The head of MI5, Ken McCallum, has accused Facebook of giving a ‘free pass’ to terrorists and criminals with its plans to introduce end-to-end encryption into Messenger and Instagram.
In an interview with Times Radio, McCallum said that plans by Facebook CEO Mark Zuckerberg to add end-to-end encryption would hamper law-enforcement agencies’ ability to disrupt terrorist attacks and enable criminals to operate more freely, without being visible to security agencies.
“It is the case, especially around default encryption, that decisions taken in California boardrooms are every bit as relevant to our ability to do our jobs as decisions taken in Afghanistan or Syria,” he said.
McCallum tried to justify his argument. He proposed a scenario of security agencies receiving information that a person is making a bomb in a living room: in the physical world, they apply for a warrant from a senior judge and the Home Secretary to be able to access the property and find out whether a bomb is indeed being made or not.
“We need to have that ability online also,” he said.
“If you have end-to-end default encryption with absolutely no means of unwrapping that encryption, you are in effect giving those rare people – terrorists or people who are organising child sexual abuse online, some of the worst people in our society – a free pass where they know that nobody can see into what they are doing in those private living rooms.”
Facebook uses encryption technology in its WhatsApp messaging service but has plans to roll out the feature to other services, as well.
Security experts are concerned that introducing end-to-end encryption in Instagram and Facebook Messenger would make it difficult to identify child abuse images in private messages.
They warn that Facebook will no longer use algorithms to flag illegal content, and no person other than the sender and receiver will be able to view the messages.
Facebook, however, insists that end-to-end encryption is needed to keep users safe from malicious actors.
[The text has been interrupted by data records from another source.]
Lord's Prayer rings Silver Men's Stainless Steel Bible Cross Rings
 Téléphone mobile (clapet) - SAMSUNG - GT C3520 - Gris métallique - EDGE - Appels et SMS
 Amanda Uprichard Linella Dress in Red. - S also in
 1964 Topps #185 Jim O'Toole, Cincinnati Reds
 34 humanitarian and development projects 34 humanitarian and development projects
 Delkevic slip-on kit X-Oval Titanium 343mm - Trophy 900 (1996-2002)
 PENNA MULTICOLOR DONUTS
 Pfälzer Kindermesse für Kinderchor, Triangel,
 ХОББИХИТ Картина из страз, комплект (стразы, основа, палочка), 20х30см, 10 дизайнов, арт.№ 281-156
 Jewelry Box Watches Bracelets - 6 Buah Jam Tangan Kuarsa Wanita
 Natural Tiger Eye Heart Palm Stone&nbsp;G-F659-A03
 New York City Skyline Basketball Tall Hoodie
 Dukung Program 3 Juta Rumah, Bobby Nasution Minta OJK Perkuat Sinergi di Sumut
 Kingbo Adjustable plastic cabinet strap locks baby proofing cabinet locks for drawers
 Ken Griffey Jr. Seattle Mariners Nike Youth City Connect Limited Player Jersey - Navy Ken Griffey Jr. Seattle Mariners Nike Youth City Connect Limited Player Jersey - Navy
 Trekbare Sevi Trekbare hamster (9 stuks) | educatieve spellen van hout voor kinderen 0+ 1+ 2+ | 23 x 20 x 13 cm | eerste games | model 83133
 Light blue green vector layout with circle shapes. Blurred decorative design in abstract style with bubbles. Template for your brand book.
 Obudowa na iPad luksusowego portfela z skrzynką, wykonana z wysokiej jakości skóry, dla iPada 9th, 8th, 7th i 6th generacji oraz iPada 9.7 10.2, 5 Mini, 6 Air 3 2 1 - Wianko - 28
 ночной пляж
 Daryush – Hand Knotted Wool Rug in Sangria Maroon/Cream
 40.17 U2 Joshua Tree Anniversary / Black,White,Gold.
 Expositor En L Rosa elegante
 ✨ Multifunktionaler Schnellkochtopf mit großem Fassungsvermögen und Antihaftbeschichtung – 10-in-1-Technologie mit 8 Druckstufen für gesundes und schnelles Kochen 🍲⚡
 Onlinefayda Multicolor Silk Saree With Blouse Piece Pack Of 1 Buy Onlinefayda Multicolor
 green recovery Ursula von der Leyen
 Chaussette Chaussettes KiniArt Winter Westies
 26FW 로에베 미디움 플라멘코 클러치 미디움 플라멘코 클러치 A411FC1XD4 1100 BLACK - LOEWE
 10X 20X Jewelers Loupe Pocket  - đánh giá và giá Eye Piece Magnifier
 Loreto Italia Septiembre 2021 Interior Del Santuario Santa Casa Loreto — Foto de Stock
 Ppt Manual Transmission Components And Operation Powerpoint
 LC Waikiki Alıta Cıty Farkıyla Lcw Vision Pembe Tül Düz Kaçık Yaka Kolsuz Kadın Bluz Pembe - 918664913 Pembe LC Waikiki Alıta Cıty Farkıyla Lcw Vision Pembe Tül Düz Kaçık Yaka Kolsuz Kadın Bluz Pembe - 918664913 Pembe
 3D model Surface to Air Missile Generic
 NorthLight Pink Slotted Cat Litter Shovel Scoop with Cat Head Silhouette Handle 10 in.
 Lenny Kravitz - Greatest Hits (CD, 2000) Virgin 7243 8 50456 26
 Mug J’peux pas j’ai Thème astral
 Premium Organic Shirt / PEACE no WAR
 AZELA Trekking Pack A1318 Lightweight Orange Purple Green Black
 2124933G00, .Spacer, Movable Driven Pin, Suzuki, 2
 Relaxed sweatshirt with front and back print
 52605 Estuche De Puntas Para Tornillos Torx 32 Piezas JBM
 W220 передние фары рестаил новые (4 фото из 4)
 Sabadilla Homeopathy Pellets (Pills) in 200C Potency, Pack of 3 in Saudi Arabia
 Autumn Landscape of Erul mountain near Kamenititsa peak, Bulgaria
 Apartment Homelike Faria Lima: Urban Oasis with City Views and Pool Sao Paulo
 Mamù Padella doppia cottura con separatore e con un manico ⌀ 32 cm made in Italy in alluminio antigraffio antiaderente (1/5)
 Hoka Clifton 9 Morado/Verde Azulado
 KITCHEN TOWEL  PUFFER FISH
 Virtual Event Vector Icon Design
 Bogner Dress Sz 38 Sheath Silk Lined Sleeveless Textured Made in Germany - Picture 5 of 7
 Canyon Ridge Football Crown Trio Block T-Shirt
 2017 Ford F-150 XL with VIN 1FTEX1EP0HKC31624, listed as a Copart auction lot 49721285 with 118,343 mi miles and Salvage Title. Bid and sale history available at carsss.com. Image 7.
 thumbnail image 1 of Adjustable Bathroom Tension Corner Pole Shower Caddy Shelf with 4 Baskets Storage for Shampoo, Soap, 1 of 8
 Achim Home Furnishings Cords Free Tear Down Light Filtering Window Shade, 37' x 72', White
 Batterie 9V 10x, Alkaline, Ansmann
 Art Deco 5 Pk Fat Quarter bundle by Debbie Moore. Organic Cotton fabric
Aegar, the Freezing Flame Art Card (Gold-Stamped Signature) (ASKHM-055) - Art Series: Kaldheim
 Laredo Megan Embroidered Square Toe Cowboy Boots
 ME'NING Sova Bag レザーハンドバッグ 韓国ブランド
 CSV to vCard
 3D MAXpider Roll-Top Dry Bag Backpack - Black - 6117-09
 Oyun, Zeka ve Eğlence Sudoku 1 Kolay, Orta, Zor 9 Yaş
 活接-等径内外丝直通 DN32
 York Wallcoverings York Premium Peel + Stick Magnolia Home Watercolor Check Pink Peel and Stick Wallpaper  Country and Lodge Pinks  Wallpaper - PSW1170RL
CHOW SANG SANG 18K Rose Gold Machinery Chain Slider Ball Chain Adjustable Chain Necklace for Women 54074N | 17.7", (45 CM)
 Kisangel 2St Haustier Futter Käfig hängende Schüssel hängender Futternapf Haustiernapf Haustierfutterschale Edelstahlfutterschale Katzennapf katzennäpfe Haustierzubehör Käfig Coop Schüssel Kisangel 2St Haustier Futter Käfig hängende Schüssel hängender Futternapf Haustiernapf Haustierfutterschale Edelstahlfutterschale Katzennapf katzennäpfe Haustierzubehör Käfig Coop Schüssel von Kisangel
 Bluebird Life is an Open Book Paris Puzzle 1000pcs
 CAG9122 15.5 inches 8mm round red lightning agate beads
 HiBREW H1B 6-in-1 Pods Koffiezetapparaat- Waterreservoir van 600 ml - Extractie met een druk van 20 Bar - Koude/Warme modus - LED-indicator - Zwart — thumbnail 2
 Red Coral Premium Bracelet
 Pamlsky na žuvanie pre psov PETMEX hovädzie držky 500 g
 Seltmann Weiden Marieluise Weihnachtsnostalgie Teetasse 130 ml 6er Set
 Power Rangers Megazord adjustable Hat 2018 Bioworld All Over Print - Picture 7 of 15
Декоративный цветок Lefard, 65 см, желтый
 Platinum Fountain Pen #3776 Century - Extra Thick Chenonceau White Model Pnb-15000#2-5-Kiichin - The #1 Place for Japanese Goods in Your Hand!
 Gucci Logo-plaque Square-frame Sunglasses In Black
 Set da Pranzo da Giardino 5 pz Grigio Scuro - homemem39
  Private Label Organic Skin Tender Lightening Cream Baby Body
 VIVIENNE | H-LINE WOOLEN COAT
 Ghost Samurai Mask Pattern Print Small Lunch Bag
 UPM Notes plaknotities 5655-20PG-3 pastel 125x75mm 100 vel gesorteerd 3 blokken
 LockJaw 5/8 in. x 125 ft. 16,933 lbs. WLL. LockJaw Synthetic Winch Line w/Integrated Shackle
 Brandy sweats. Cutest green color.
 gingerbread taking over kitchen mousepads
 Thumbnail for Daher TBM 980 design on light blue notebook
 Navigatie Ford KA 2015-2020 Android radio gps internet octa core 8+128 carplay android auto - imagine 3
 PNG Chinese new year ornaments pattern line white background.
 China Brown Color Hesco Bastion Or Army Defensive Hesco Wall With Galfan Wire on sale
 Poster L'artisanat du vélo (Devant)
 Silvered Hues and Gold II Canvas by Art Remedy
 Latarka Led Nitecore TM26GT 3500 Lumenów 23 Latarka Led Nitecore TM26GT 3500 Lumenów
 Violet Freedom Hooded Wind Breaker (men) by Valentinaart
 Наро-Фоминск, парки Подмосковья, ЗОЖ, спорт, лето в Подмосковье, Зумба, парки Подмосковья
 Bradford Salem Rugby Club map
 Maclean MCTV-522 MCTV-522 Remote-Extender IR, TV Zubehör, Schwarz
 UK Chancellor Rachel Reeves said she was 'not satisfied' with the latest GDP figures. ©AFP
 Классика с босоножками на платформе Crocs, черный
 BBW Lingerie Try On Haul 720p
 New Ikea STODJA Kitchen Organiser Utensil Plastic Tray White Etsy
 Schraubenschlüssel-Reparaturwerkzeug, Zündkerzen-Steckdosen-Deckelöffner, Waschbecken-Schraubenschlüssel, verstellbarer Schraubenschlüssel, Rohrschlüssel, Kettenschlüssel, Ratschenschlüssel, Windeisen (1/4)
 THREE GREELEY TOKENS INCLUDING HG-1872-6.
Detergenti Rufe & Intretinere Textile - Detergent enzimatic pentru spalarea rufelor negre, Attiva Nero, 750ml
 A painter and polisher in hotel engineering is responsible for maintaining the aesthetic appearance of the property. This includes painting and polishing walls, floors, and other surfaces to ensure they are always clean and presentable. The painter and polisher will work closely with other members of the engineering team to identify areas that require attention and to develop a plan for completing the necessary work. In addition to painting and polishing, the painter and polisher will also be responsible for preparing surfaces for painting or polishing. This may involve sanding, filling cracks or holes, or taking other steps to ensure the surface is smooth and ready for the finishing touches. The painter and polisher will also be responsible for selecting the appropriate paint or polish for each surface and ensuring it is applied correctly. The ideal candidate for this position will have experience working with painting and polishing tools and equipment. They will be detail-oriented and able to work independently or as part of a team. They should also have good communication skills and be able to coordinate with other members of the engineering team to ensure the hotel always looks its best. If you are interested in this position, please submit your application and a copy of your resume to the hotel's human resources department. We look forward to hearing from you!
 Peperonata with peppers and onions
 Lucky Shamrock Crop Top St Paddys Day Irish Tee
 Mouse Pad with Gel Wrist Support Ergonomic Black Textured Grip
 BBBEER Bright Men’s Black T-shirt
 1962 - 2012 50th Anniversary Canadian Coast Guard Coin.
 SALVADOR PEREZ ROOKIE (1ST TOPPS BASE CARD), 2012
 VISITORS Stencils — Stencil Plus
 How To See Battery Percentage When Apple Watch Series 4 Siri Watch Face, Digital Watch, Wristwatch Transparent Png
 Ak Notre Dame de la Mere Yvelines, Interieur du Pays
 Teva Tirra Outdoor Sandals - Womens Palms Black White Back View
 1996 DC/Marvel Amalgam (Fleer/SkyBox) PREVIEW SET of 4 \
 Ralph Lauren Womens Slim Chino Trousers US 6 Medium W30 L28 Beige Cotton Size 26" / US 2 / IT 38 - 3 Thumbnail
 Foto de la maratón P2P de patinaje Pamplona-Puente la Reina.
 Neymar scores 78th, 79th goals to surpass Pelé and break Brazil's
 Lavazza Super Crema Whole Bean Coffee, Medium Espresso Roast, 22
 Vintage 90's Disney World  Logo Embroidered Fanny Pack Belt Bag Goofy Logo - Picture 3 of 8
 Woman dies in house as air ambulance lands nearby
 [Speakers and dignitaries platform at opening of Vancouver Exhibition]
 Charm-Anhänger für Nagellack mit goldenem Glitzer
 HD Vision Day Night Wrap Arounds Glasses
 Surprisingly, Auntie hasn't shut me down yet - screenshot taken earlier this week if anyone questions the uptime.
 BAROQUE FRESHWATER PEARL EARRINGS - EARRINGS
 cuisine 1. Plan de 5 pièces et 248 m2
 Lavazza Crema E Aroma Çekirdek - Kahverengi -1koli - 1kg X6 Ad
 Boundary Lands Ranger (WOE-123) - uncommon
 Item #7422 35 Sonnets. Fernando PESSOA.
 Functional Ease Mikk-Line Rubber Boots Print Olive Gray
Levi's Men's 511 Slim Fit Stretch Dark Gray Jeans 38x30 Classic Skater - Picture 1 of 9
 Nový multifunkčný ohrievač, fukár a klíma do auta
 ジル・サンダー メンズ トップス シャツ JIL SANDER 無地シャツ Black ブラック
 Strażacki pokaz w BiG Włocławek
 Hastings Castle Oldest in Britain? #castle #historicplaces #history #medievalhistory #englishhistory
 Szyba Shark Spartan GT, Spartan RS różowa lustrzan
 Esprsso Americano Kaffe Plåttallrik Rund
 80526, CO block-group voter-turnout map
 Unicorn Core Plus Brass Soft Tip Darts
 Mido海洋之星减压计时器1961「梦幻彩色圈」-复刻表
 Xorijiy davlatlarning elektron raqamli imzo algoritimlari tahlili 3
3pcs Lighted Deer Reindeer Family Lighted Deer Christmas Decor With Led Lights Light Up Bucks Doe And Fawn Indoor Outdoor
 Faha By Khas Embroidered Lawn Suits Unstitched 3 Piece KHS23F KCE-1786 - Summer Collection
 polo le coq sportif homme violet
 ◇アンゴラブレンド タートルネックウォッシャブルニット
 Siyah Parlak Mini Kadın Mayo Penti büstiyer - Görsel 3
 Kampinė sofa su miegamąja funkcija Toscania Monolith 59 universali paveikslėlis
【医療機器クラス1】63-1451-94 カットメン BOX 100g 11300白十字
In a statement to The Times, the company stressed that it had measures in place to fight criminal activity and that it would continue to work with law-enforcement agencies.
‘We have no tolerance for terrorism or child exploitation on our platforms and are building strong safety measures into our plans, including using information like behavioural patterns and user reports to combat such abuse,’ the company said.
McCallum’s criticism of Facebook’s encryption plan comes about a month after Home Secretary Priti Patel urged the company to “take the safety of children as seriously” as it does the business of advertising on internet.
“Sadly, at a time when we need to be taking more action, Facebook are pursuing end-to-end encryption plans that place the good work and progress achieved so far [on fighting the issue of child abuse] in jeopardy,” Ms Patel said last month during an event organised by the National Society for the Prevention of Cruelty to Children (NSPCC).
The NSPCC warned in a report last month that 52 per cent of online child sex crimes in England and Wales were committed over Facebook-owned apps.
The Home Office also estimates that Facebook’s encryption plans will result in removal of about 12 million reports of child abuse to the National Centre for Missing and Exploited Children each year.
However, bodies like the Open Rights Group oppose the Home Office’s proposals, arguing that banning encryption is akin to using a sledgehammer to crack a nut.